Sound Localization and Speech Detection to Assist the Hearing Impaired


Yeji Cho

Anthony Kim

Valmik Ranparia

Sky Shia

Young Kim
Chadwick High School/Peninsula High School

Peer Reviewer: Annasimone Andrawis and Lily Ge

Professional Reviewer: Mark Nimmer

Sound Localization and Speech Detection to Assist the Hearing Impaired


Auditory assistive devices are becoming increasingly ubiquitous, and audio visualization devices represent an innovative method of helping the hearing impaired. The purpose of this project is to evaluate a method of creating an auditory visualization device that displays the real- time location of a sound source on a 3D grid interface. In addition to determining the location of the sound source, a functioning prototype requires the differentiation between audio frequencies for background noise reduction and identifying sound types such as human voices or passing cars. The hypothesis was that if audio frequency selection is used in cross-correlation, then sound source localization of each frequency source position could be achieved. Audio data was recorded and compared using the cross-correlation method. This method yielded a single value representing the calculated sound location. This calculated location was then compared to the actual location. This process was repeated in multiple trials with sounds of both high and low frequencies. The FFT-IFFT technique was used to remove one of the frequencies. The source position of the other frequency was then calculated. Analysis of the one-source results showed that most positions were found within a 40-degree angle of error. Analysis of the frequency- removed data supported the hypothesis and indicated that determining each sound source position can be achieved from one mixed sound signal. The results supported the hypothesis, and the sound localization technique developed in the present study can be further developed and implemented in future research to create a practical, wearable device.


Development and improvement of auditory assistive devices is critical, as 11% of Americans are categorically hearing impaired (Hear-It Organization, 2009). 28.8 million American adults stand to benefit from the use of hearing aids (U.S. Department of Health and Human Services, 2018). Only 28.5% of Americans who are hearing impaired employ the use of hearing aids (Hear-It Organization, 2009). In the period of 2005-2008, the number of hearing impaired Americans increased by 9%, doubling the rate of the population growth of 4.5% in the same period of time (Hear-It Organization, 2009). Sales of hearing aids have been on the rise accordingly, with sales increasing by 5.3% in 2018, exceeding what market experts deem in the “normal” range of 2-4% annual growth (Hearing Review, 2019). Globally, the hearing aid and auditory assistive device retail market is expected to expand with a significant compound annual growth rate of 7.2% during 2019-2028 (Market Watch, 2019).

Audio-visualization devices are a key innovation in how auditory assistive devices improve the lives of the hearing impaired. Visualization devices can show locations on a display from which sound originates in their field of vision, show icons that represent familiar sounds (e.g. ambulance sirens, cars honking, etc), or convert speech to text.

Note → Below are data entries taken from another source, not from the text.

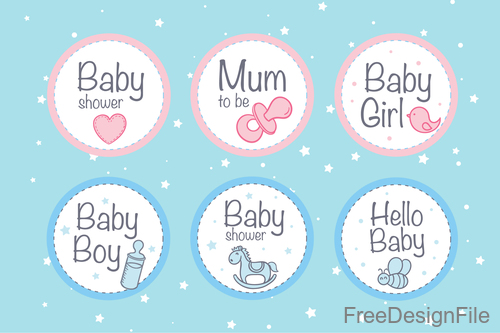 Baby Badges design vectors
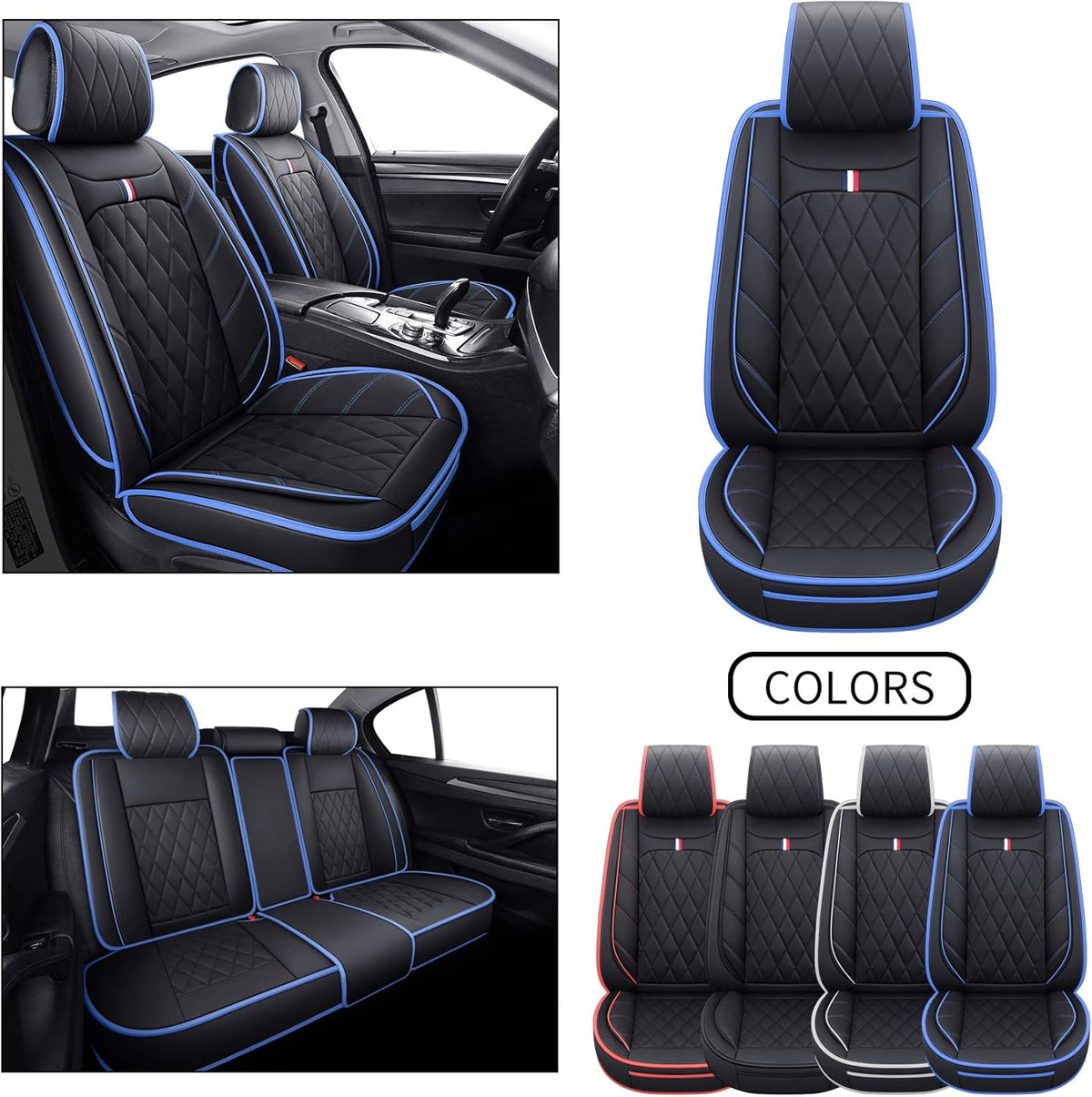 2 PCS Front Waterproof Leather Car Seat Covers J634751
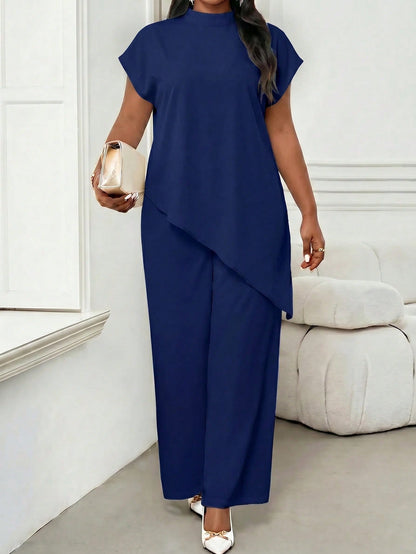 Lady Plus Size Women's Solid Color Stand Collar Top And Long Pants Casual Elegant Evening Set Party Formal Office Navy Blue Summer Teachers' Day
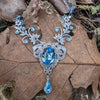 Vintage Aquamarine crystal necklace Bridal Jewelry Set made with Swarovski crystals. Wedding Jewelry, Vintage Jewelry, Bridal jewelry jewelry, Elven jewelry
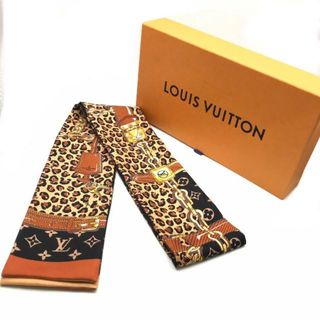 ルイヴィトン(LOUIS VUITTON)の美品 LOUISVUITTON ルイヴィトン シルク バンドー ワイルドアット ハート モノグラム ヒョウ柄 スカーフ a1596(バンダナ/スカーフ)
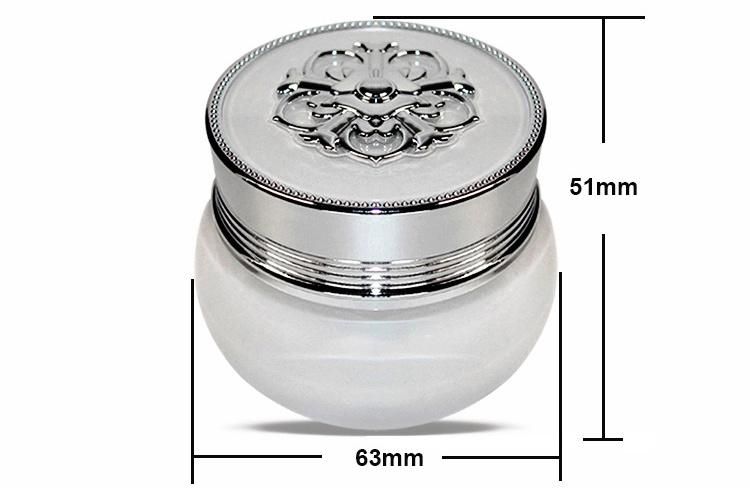 Cosmetic Packaging 30g Luxury White Cosmetic Cream Jar with Silver Lid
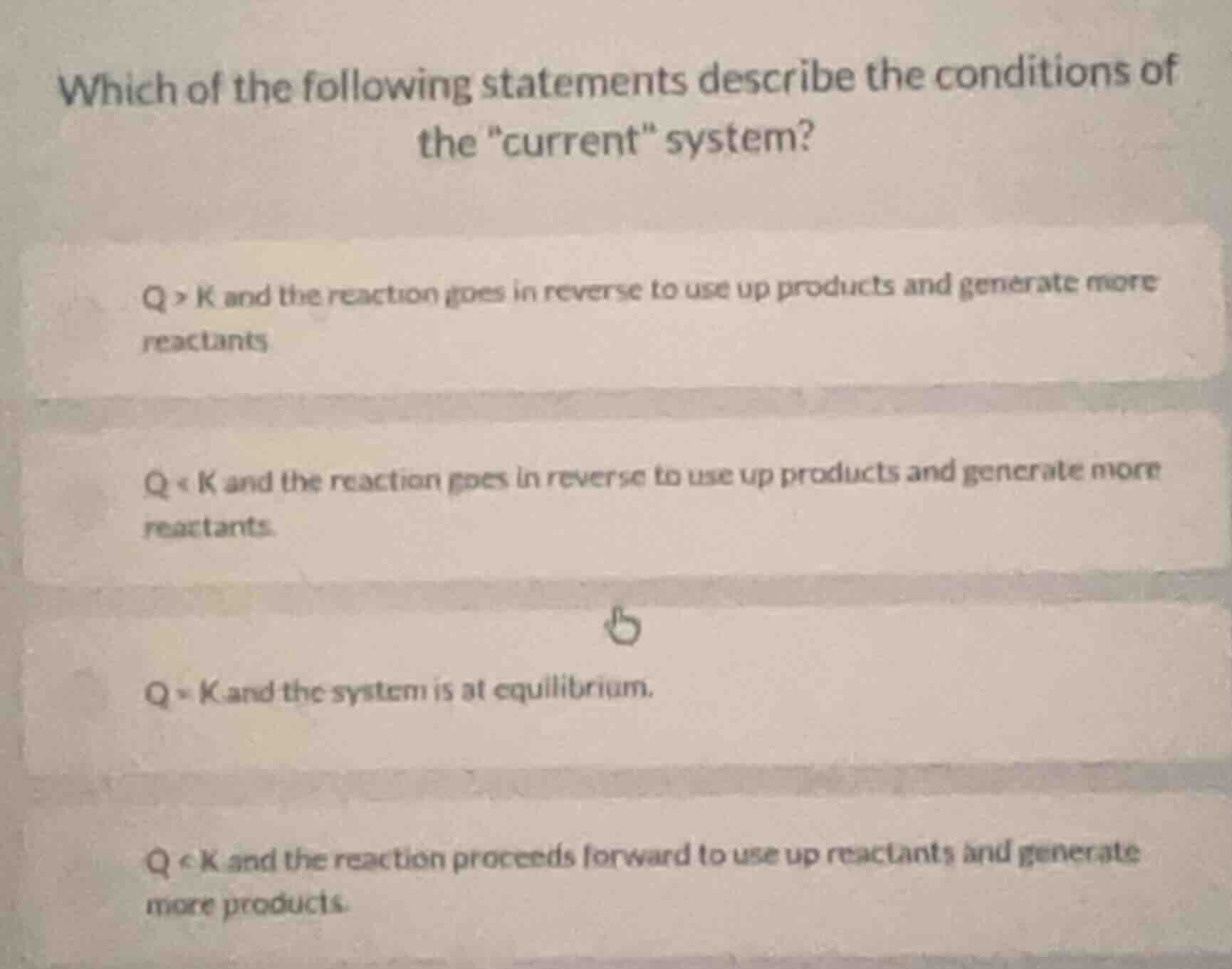 which of the following statements describe the conditions of the \curre…
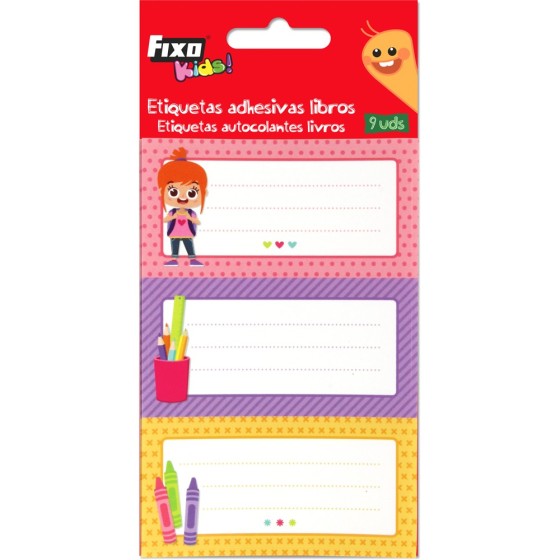 Pack 9 Etiquetas Adhesivoas Libros Niña Fixo kids
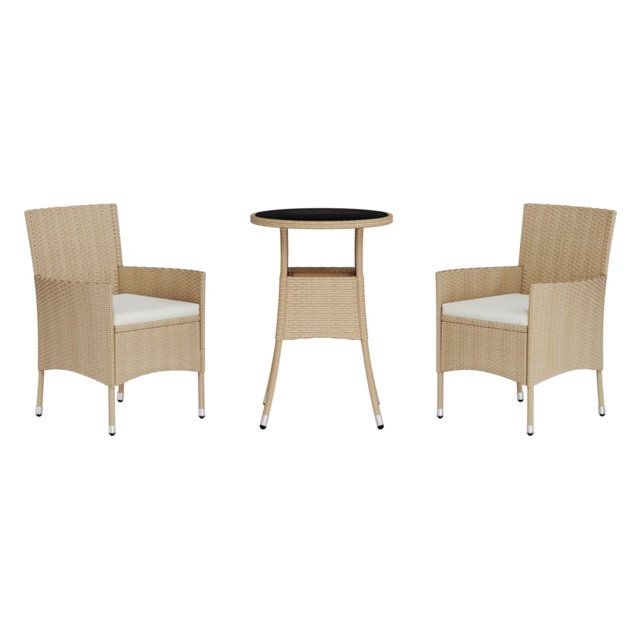 vidaXL Patio Bistro Set with Cushions Outdoor Wicker Furniture Poly Rattan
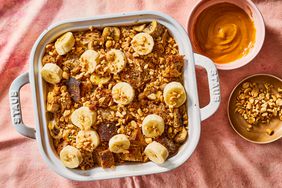 a recipe photo of the Peanut Butter & Banana French Toast Casserole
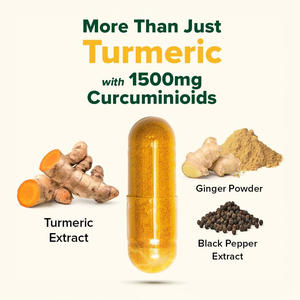 पेशेवर ग्रेड वयस्क हल्दी अदरक कैप्सूल 1500 मिलीग्राम 95% क्यूमिननॉइड एंटीऑक्सिडेंट लाभ आईएसओ प्रमाणित उत्पादन - Product Image 2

Users of audio visualization devices would be able to rely heavily upon the devices to provide cues that are key to navigating their daily environments.

Sound localization refers to the ability to detect the origin of a sound source. Human sound localization is primarily based on two factors: interaural time and intensity differences (Wightman & Kistler, 1992). Sound intensity is more commonly understood, and refers to the “loudness” or power carried by sound waves. This factor is used to understand the distance from which noise is being produced. Interaural time difference refers to the lag time between sound arrival to each ear. This subtle difference can be used to subconsciously calculate the angle from which sound is arriving.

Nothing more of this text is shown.